Then he also needs some kind of sports and fun. It’s not like you go with a wheelchair [to school] and stay in when the other kids are having fun, having gym and other stuff. How many children have disabilities in Kosovo? No one knows.
Photo: Atdhe Mulla / K2.0.
Why don’t we know how many kids there are with disabilities in Kosovo?
There is a new study that is being conducted with the Kosovo Agency of Statistics, by March 2020 we will know how many disabled children are in Kosovo. This is called a multiple indicator survey that is an internationally comparable study; there are 70 data collectors currently attending a 30-day training now in Prishtina. They will go to 8,500 households in Kosovo to collect data.
We don’t know the number but in developing countries, I think, 15% of people have some sort of disability. What I also mean by disability is that you may be hyperactive. The teacher may look at you and say this guy is crazy, he doesn’t listen to the course. But what you need is to have a special development learning plan, so another kind of attention is needed. Disability has various forms.
Another area is that children with disabilities need to be incorporated into mainstream schools. They should not stay in a separate school, they should not stay in a separate classroom. I mean I can’t criticize the Kosovo institutions much because globally, accessibility is a big issue.
After four years we finally made our office accessible here. I mean, hey, we are UNICEF — we should be accessible. I was asking, “Where do you meet Riad?” I was told you meet Riad in the cafeteria maybe, or in a hotel. No, our office needs to be an accessible building. So accessibility is not a luxury. It is a very important priority for us.
The third priority is youth empowerment, the youngest population in Europe, so many young people. When I ask people, “What is your dream?” I don’t hear dreams but they want to become data scientists, or a developer of an application, or to work for a bank. In many rural areas the “dream” is to “go to my relative in Germany or Switzerland and find a way to have a life there” or they’re not hopeful at all. Or their hope is to go to university for a job they will not practice.
When the new coalition is established we all get together and we lock ourselves away for three days and we say: This is 2025 for Kosovo.
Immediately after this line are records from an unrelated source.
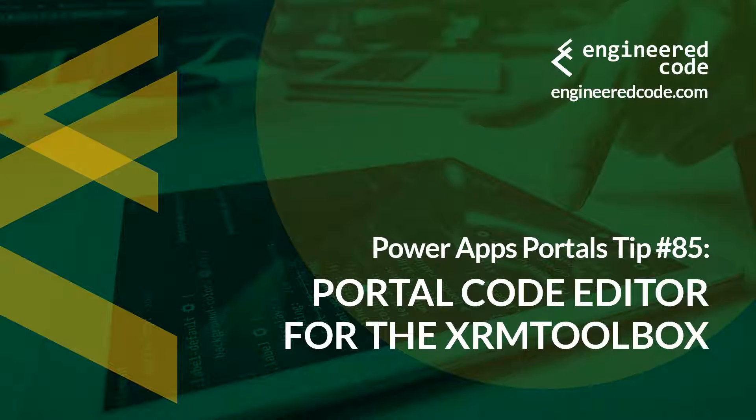Hello everyone, and welcome to PowerApps Portals Tips. My name is Nicholas Hadouk, and this is tip number 85: Portal Code Editor for the XRM Toolbox.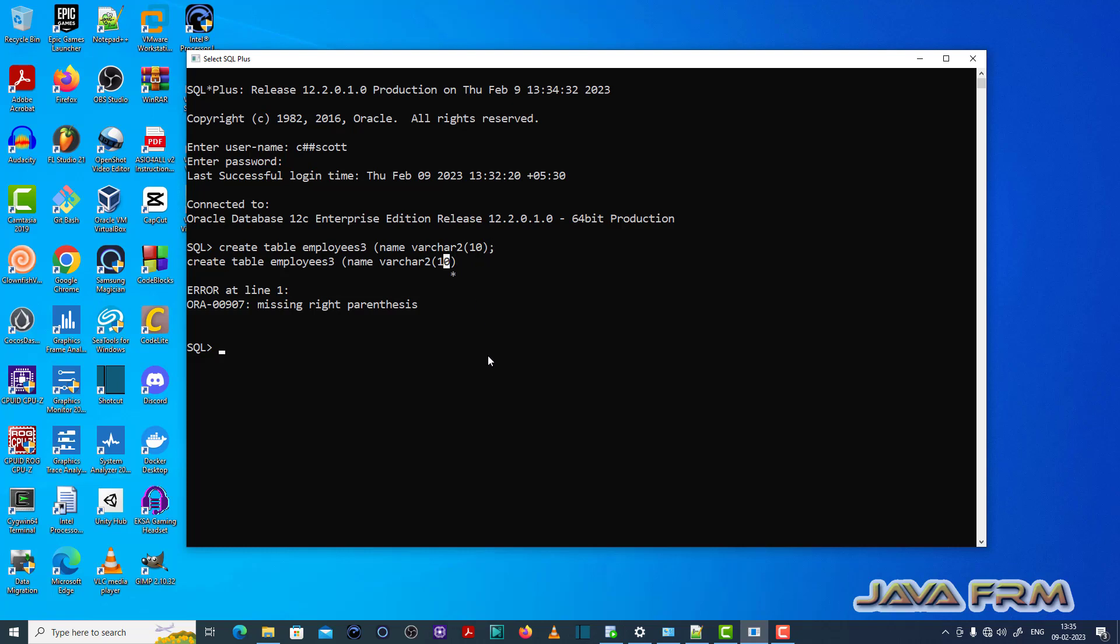So make sure that wherever right parenthesis is coming you have closed the right parenthesis properly. Otherwise this ORA00907 error will be thrown. It is basically a typo error. That is it.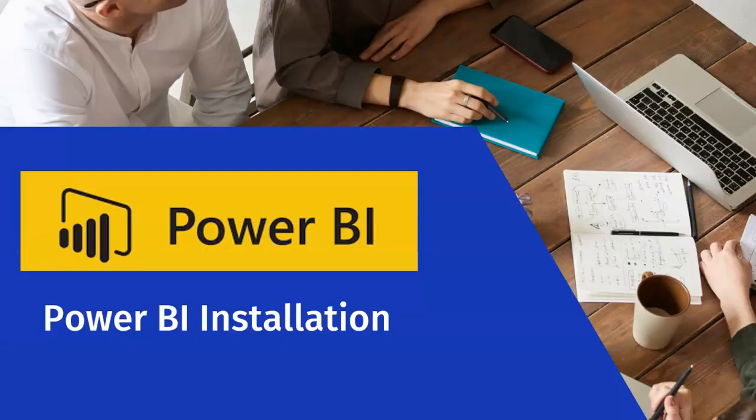In this session, let us understand how to download the desktop version of Power BI.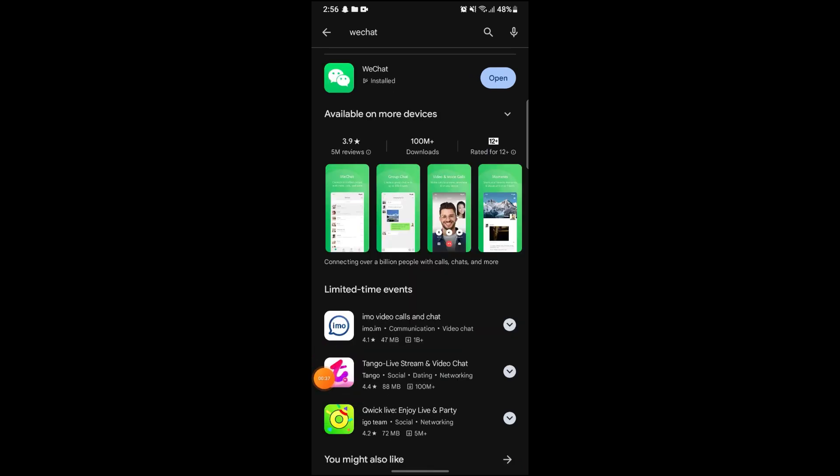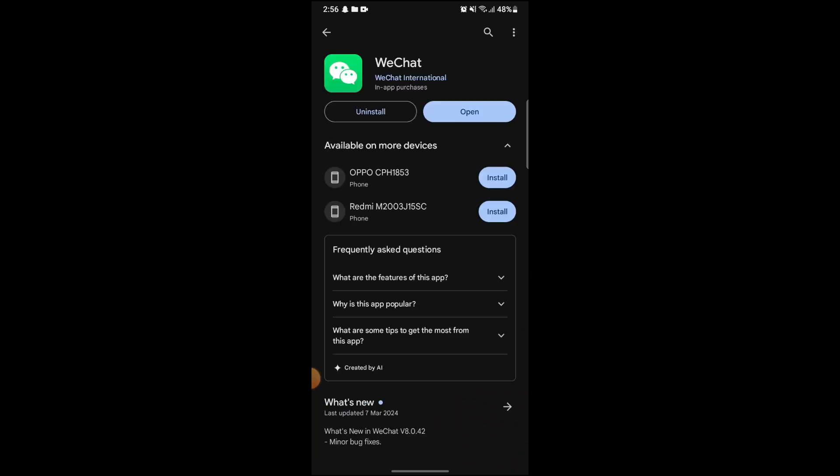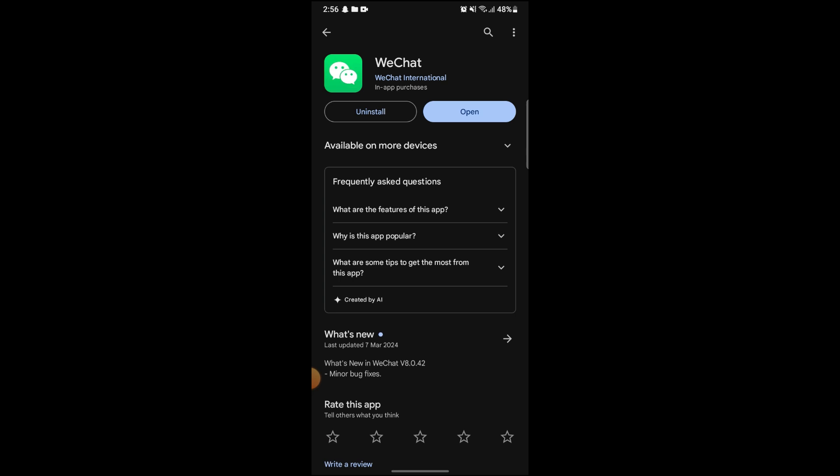Here you can see that the WeChat app has been downloaded on your Android smartphone. Now you can just open the app and use its features. And that's how you can download WeChat on your Android smartphone.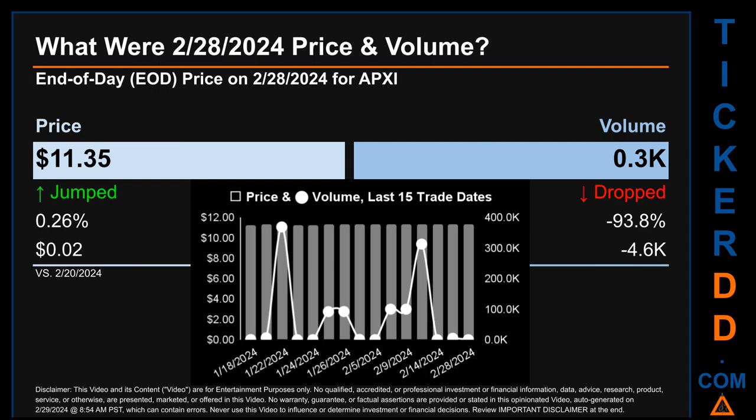Hello, my name is Sam. What was the end-of-day price and volume for APXI on Wednesday, February 28, 2024? APXI had an end-of-day price of $11.35 and volume of about 0.3K. Compared to the previous trading day, the price jumped 0.26%, gaining 2 cents, while volume dropped 93.8%, decreasing about 4.6K. The graph shows price and volume for the last 15 trade dates across a range of 8 cents. The max and minimum end-of-day prices were $11.35 and $11.26, while volume ranged from a low of 0.1K to a high of 369.2K.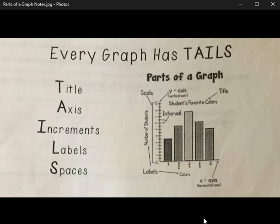Hey guys, today we're going to be talking about the parts of a graph. Every graph has TAILS, and TAILS is an acronym that we're going to use to remember the parts of a graph.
What should the new government do? Two or three things.
The biggest thing is convening all the stakeholders who prioritize the youth agenda. UNICEF is one but many donors and NGOs prioritize the youth agenda. Then we need to do a bit of time traveling [in time]. Imagine that we are in 2025 — what would the population of Kosovo look like? Where would those who are starting primary school be in five years or those who are starting secondary school be in five years?
What would be the internet availability, mobile phone or computer usage look like? What kind of skills would we need? Every year there are 26,000 children born in Kosovo — should we aim out of that 26,000, maybe 15,000 to study a certain subject? Another 10,000 to look for a certain kind of skill, another 5,000 another kind of skill. The most important thing is for critical thinking, human centered design and interactions. I would recommend that when the new coalition is established that we all get together and we lock ourselves away for three days and we say: This is 2025 for Kosovo.
We have a lot of strategies. Do we need something new?
It is not a strategy [that is the problem], I think it is vision setting. What I believe is all the stakeholders should come together and say, “What will Kosovo’s economy look like in five years time?” Because when we ask people, young people, 60% want to work in the government, and this is opposite to many developed countries and European countries. There you don’t find people just trying to have a secure life. Here it is just the opposite.
If you look at education here it is didactic, old style, boring. I mean when I go to schools here it is time-travel for me. It is like ‘Hey this is the most boring learning.’
In education, we have some strategies. The number of children, for example. The government thinks the number of registered pre- school children should be increased by more than 90% by 2021 for example. Is that something that can really happen?
Yes, if the government prioritizes it.
So in two or three years it can be done?
In three years time it can be done. We have a study that says for five years, a 500 million euro investment is needed to make every child go to nursery or kindergarten and make sure they all get the best quality education. If children are the priority, yes. Can it be done? Yes. If you look at the depth of the GDP ratio [funding going to children] in Kosovo it is 18%, if you look at Turkey it is more than 30%.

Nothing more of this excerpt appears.